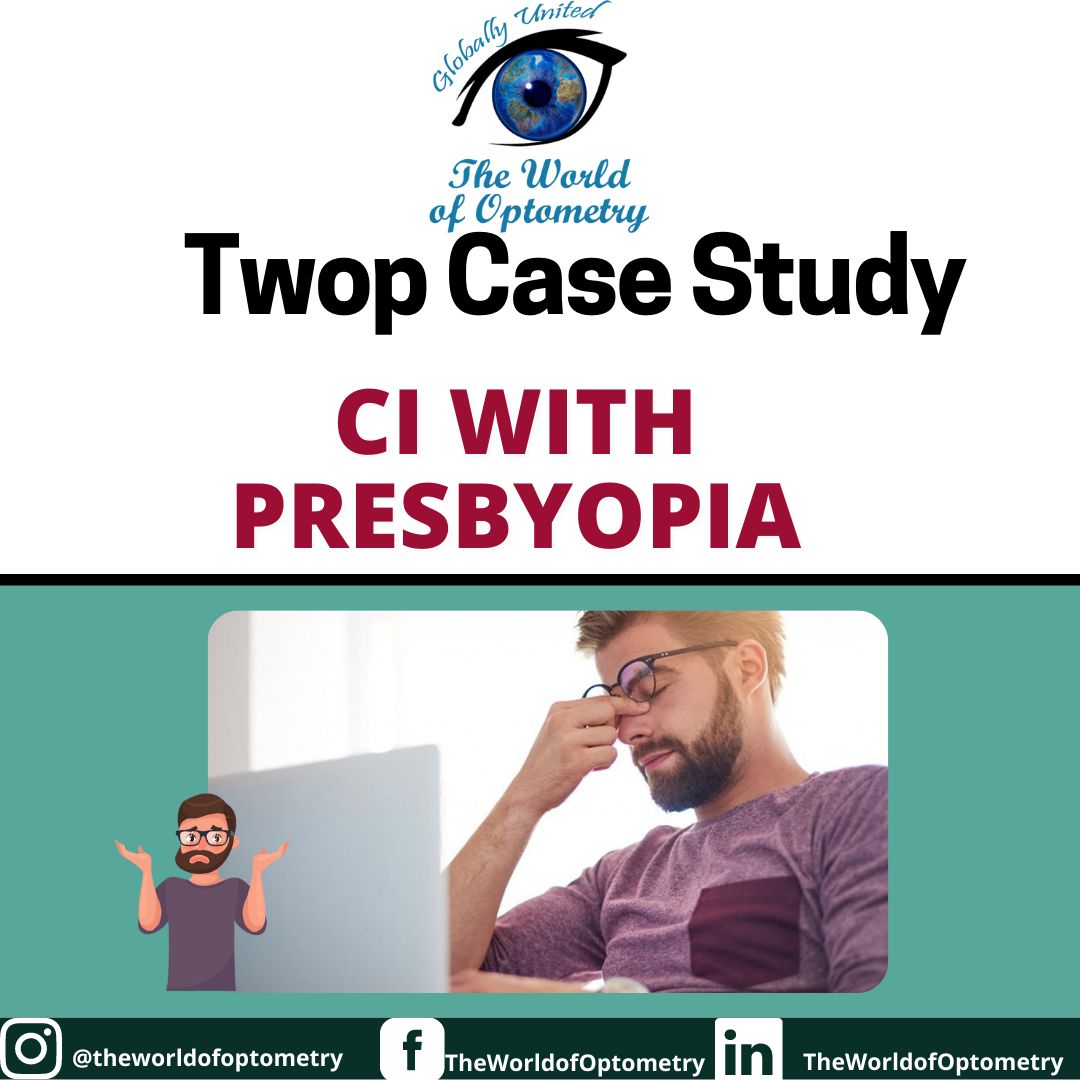 TWOPOFFICIAL's tweet image. TWOP Case Study: CL with presbyopia.

#TWOP #TheWorldofOptometry #Optometry #Optometrists #EyeCarePractitioners #OptometryStudents #EyeDoctors #EyeCare #VisualHealth #HealthyLife #Protectyoureyes #TwopMemes #EyeAwareness #SaveYourVision #YourVisionIsOurMission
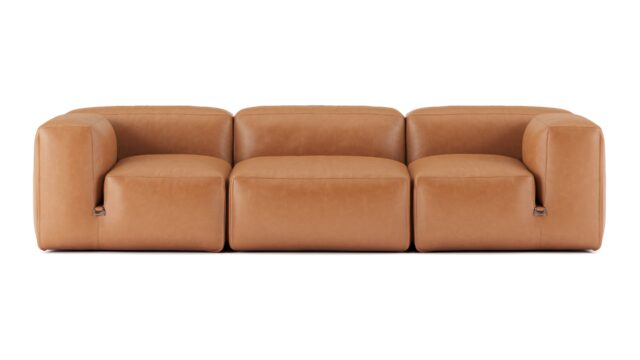 The Le Mura – Tan Vegan Leather, Three Seater Sofa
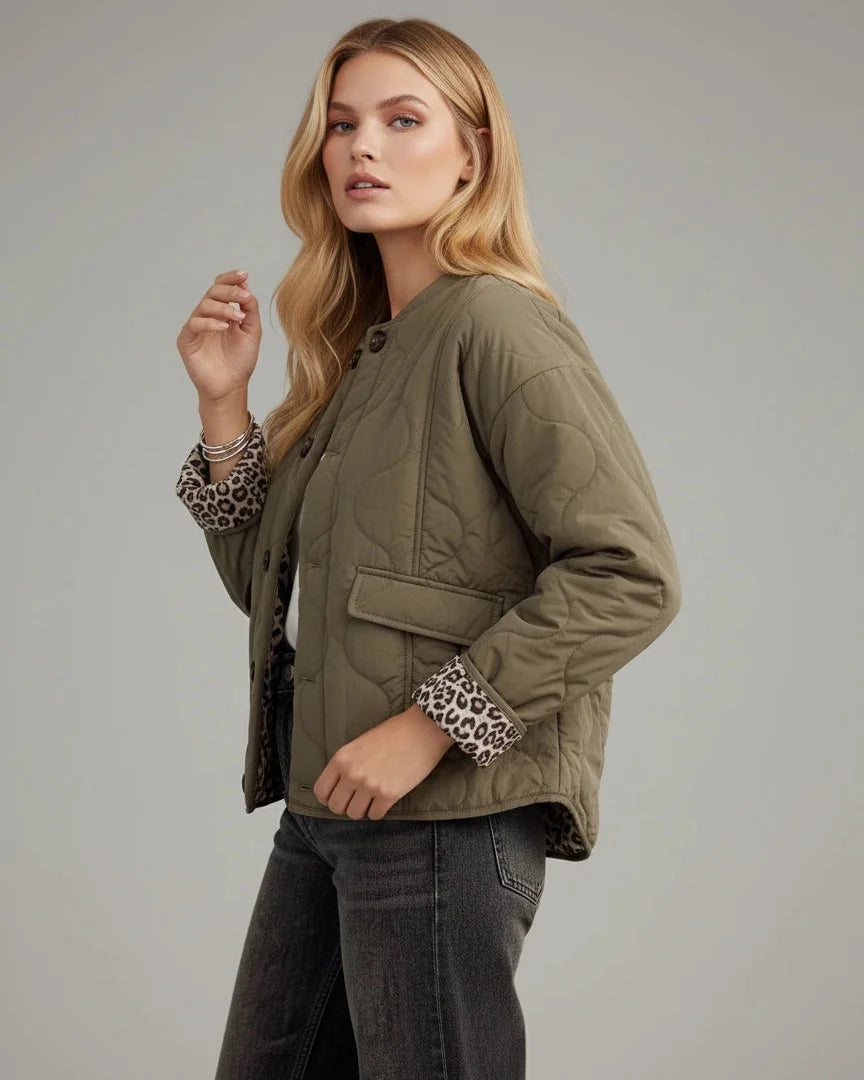 Steppjacke für Damen mit Leopardenfutter ohne Kragen, Produktbild 2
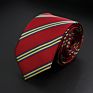 Stylish Men's Stripe Necktie College Style Red Navy Blue Green Multi-Color Twill Cosplay Party Business Wedding Neck Ties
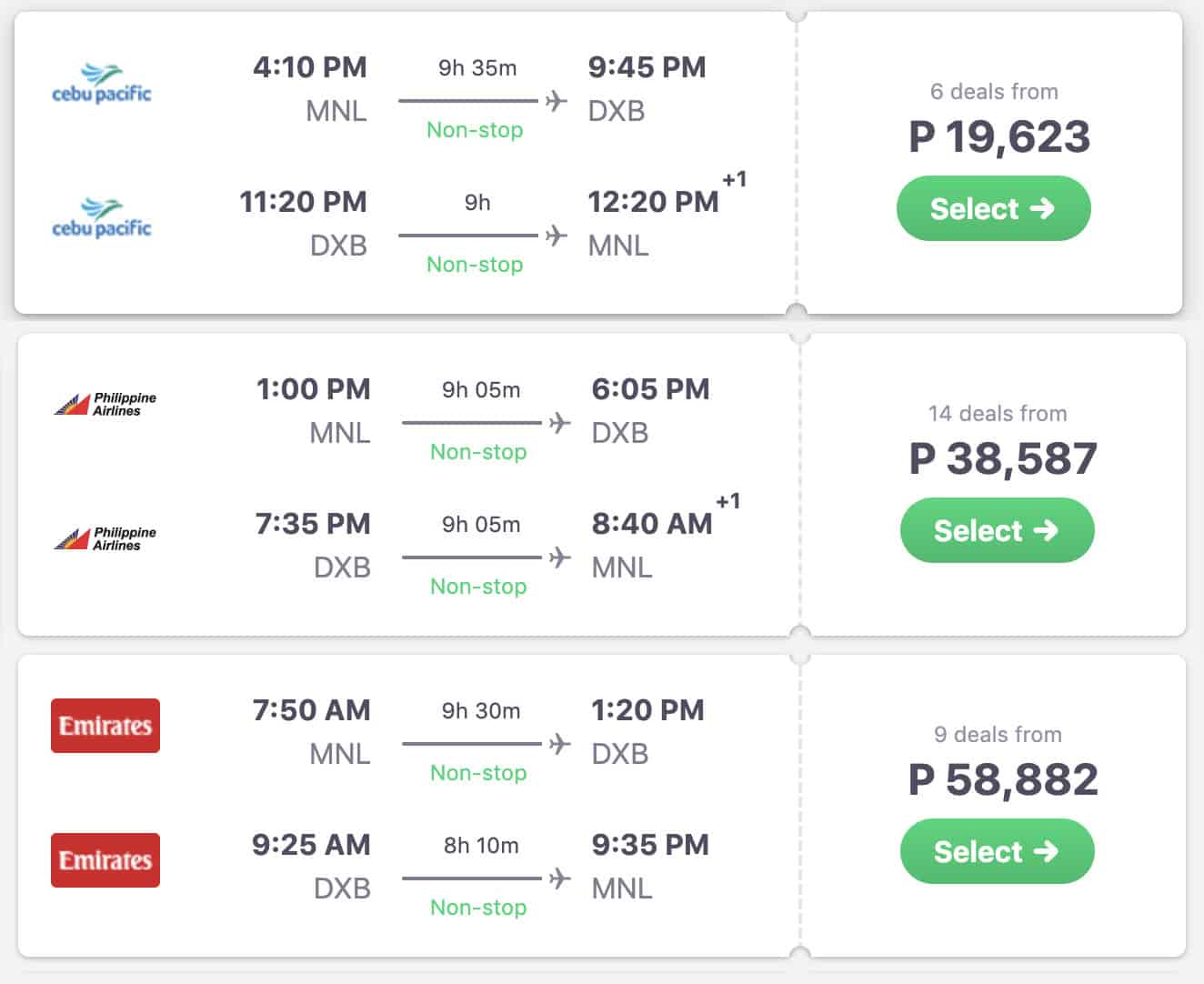 travel time dubai to philippines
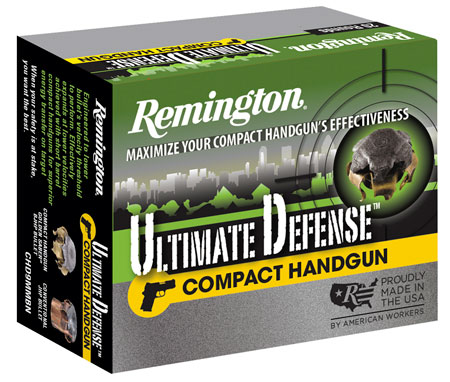 Remington Ammunition 28967 Ultimate Defense Compact Handgun 45ACP 230gr Brass Jacketed Hollow Point 20 Per Box/25 Case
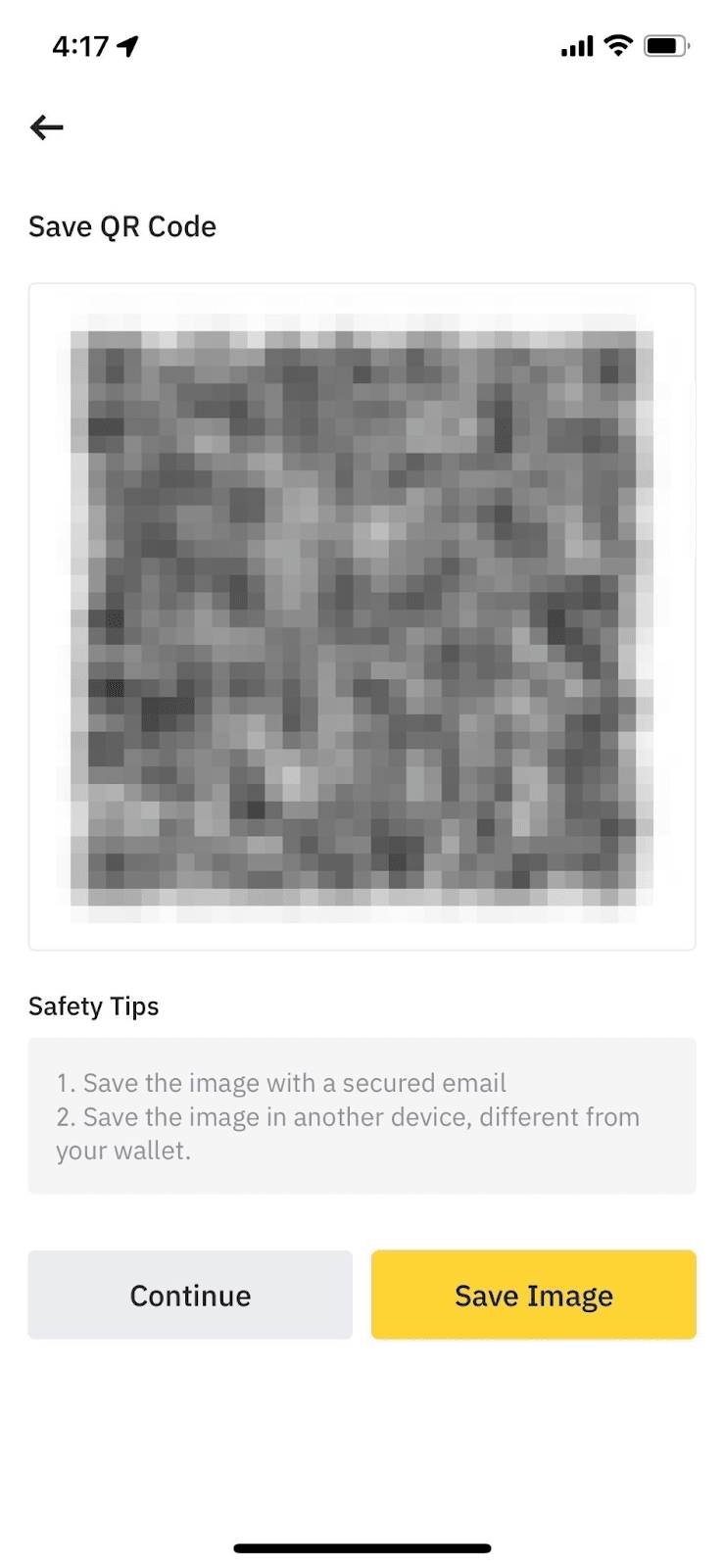 Saving QR code
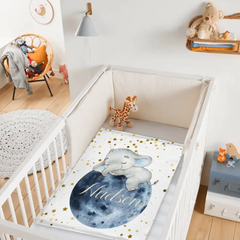 Sleeping Elephant Name Customized Kids Blanket Gift for Boys and Girls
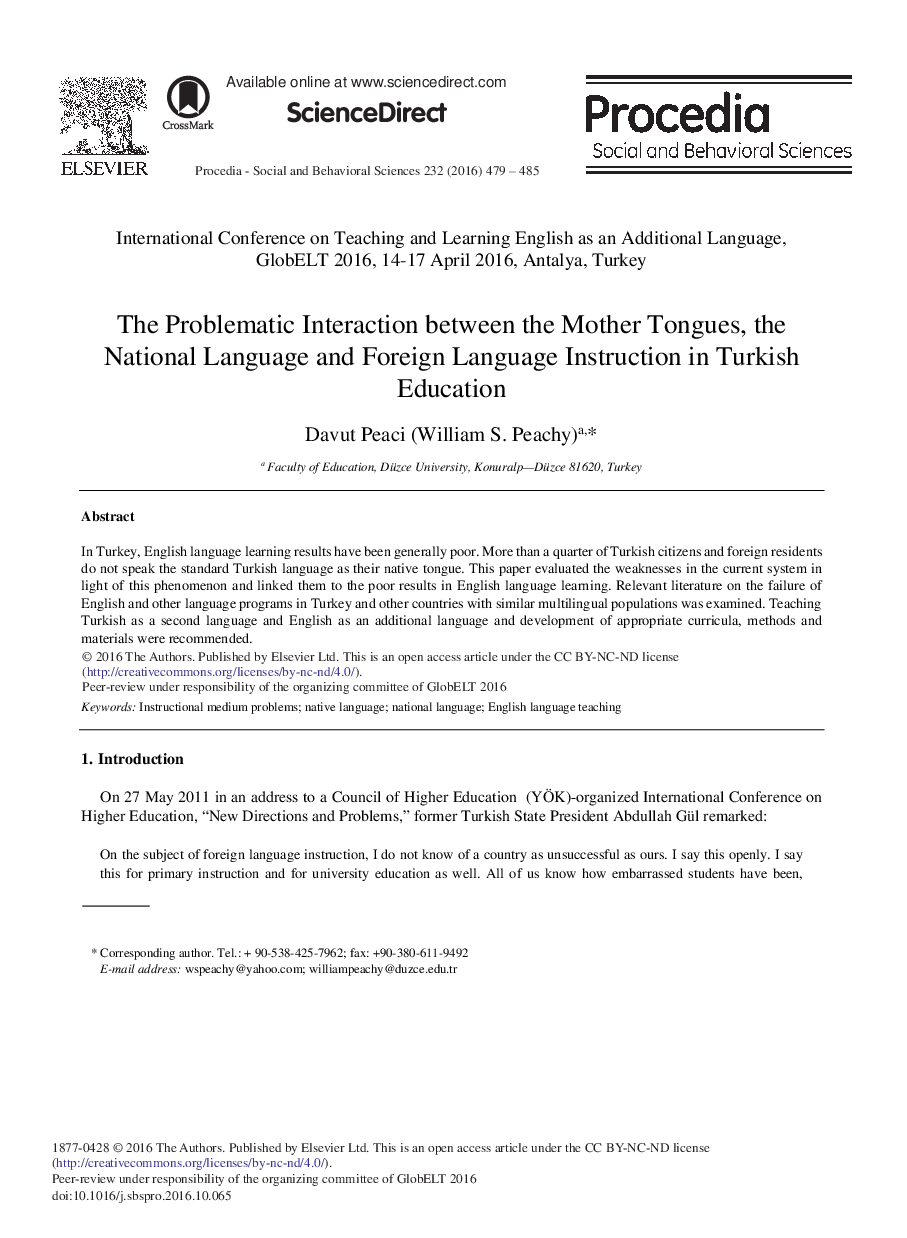 The Problematic Interaction between the Mother Tongues, the National Language and Foreign Language Instruction in Turkish Educationâ¿¿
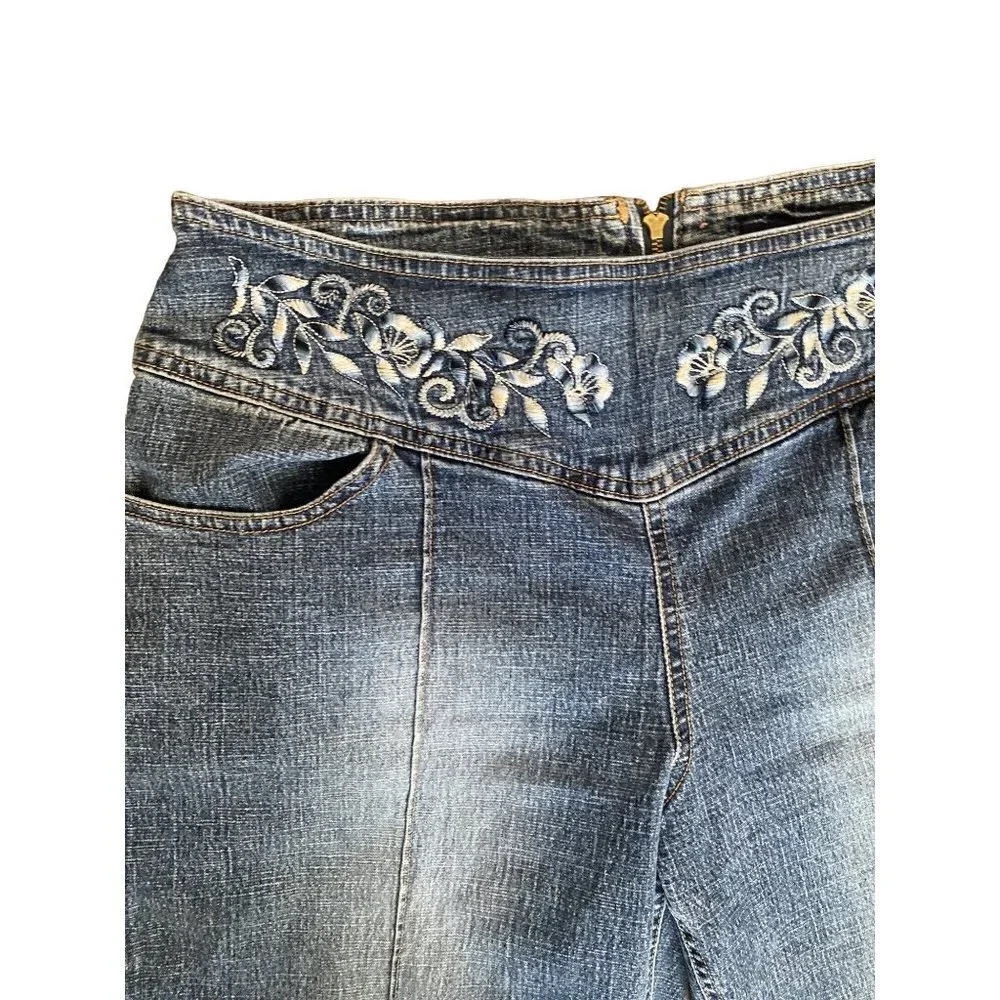 Vintage‎ Y2K Floral Embroidered Mid Waist Jeans cropped Denim Pants Women 10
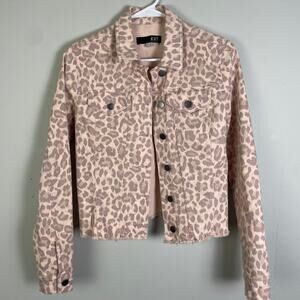 KUT from the Kloth Leopard Denim Jacket. Sz‎ XS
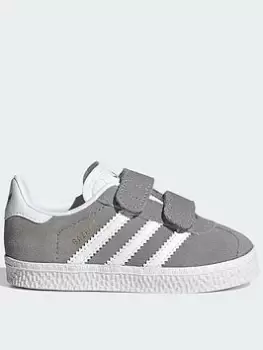 Image of adidas Originals Infant Gazelle, Light Grey, Size 3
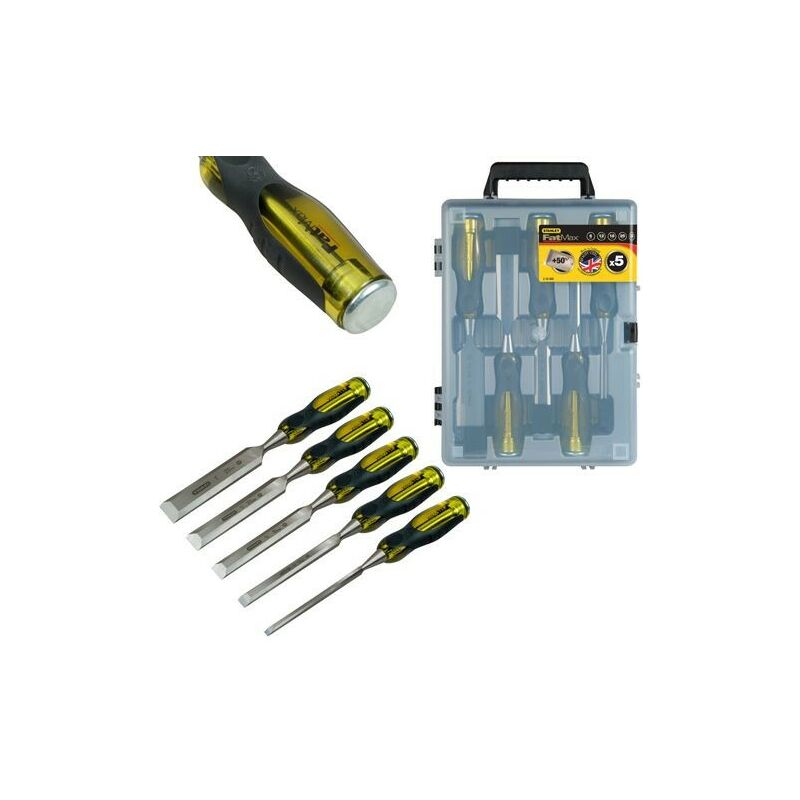 Stanley - Thru Tang FatMax Cased Chisel Set 5 Piece Bevel Edge 2-16-269 Strike Cap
----
=== Exercise directions ===
Could you repeat the entries word for word, skipping the pictures they contain?

=== Output of the task ===
 TWOPOFFICIAL's tweet image. TWOP Case Study: CL with presbyopia.

#TWOP #TheWorldofOptometry #Optometry #Optometrists #EyeCarePractitioners #OptometryStudents #EyeDoctors #EyeCare #VisualHealth #HealthyLife #Protectyoureyes #TwopMemes #EyeAwareness #SaveYourVision #YourVisionIsOurMission
 The Le Mura – Tan Vegan Leather, Three Seater Sofa
 Steppjacke für Damen mit Leopardenfutter ohne Kragen, Produktbild 2
 Stylish Men's Stripe Necktie College Style Red Navy Blue Green Multi-Color Twill Cosplay Party Business Wedding Neck Ties
 travel time dubai to philippines
 Remington Ammunition 28967 Ultimate Defense Compact Handgun 45ACP 230gr Brass Jacketed Hollow Point 20 Per Box/25 Case
 Saving QR code
 Sleeping Elephant Name Customized Kids Blanket Gift for Boys and Girls
 The Problematic Interaction between the Mother Tongues, the National Language and Foreign Language Instruction in Turkish Educationâ¿¿
 Vintage‎ Y2K Floral Embroidered Mid Waist Jeans cropped Denim Pants Women 10
 KUT from the Kloth Leopard Denim Jacket. Sz‎ XS
 Image of adidas Originals Infant Gazelle, Light Grey, Size 3
 Stanley - Thru Tang FatMax Cased Chisel Set 5 Piece Bevel Edge 2-16-269 Strike Cap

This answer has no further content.